The Scottish government has already paid out more than £11 million in some 3,737 cases brought under the Human Rights Act.

A further 1,223 are in the pipeline and there are 200 new cases coming in a month.

But lawyer Tony Kelly, who has been involved in many of the human rights cases, said that the idea of charging rent was a non-starter.

‘I think there are practical difficulties.

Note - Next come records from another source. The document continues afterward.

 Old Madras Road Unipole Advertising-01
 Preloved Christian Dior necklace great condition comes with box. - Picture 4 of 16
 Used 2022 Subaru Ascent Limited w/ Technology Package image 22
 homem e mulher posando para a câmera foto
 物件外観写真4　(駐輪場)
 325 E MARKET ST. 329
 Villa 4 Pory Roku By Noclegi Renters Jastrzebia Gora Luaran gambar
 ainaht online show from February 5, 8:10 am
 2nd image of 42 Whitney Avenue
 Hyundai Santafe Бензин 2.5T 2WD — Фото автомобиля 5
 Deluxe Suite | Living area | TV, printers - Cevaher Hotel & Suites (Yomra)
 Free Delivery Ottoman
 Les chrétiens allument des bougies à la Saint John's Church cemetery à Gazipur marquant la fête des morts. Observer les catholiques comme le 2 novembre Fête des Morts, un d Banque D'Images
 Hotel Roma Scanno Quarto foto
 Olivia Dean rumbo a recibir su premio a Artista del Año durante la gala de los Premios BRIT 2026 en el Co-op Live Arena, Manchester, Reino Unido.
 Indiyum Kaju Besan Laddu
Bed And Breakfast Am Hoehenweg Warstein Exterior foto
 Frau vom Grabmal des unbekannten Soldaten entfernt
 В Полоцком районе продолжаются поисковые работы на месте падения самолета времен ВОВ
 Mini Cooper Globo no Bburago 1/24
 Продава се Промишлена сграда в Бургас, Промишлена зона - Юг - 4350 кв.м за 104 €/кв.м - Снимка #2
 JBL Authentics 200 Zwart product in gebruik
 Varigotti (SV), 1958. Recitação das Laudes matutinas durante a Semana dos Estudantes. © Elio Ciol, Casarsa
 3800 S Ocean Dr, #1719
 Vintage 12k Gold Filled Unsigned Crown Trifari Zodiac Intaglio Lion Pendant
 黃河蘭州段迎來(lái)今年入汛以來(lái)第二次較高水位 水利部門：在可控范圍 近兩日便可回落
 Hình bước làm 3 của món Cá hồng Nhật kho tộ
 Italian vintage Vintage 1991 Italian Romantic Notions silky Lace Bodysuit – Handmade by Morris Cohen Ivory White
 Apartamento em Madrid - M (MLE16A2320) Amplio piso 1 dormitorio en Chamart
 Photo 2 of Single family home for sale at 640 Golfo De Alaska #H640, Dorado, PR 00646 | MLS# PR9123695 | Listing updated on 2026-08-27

You can imagine the volume of litigation that would be involved,’ he said.

The idea was suggested by SNP MSP Stewart Maxwell, who claimed that the principle of such deductions has already been established in cases in England where prisoners were compensated for being wrongly imprisoned.

But Mr Kelly argued that the two situations were not comparable.

‘Down south, an independent assessor is appointed under statute to work out a figure that should be paid to those people wrongly imprisoned as a result of miscarriages of justice,’ he said.

‘Here we would be talking about recovering from the prisoners’ payments in respect of the appalling conditions that the government accepts they have to pay out by way of compensation.’

Prison Reform Trust director Juliet Lyon pointed out that prisoners earn on average £5 to £8 for a week’s work.

She added: ‘Where a prison service is thinking of charging bed and board for its prisoners, it will need to review arrangements for prisoners’ work, pay and pensions in custody.

But Prison Officers Association assistant secretary for Scotland Derek Turner hailed the policy.

He said: ‘Slopping out is an inhumane practice, which is also bad for the officers who have to supervise the process. We do not think that prisoners should be compensated using taxpayers’ money.’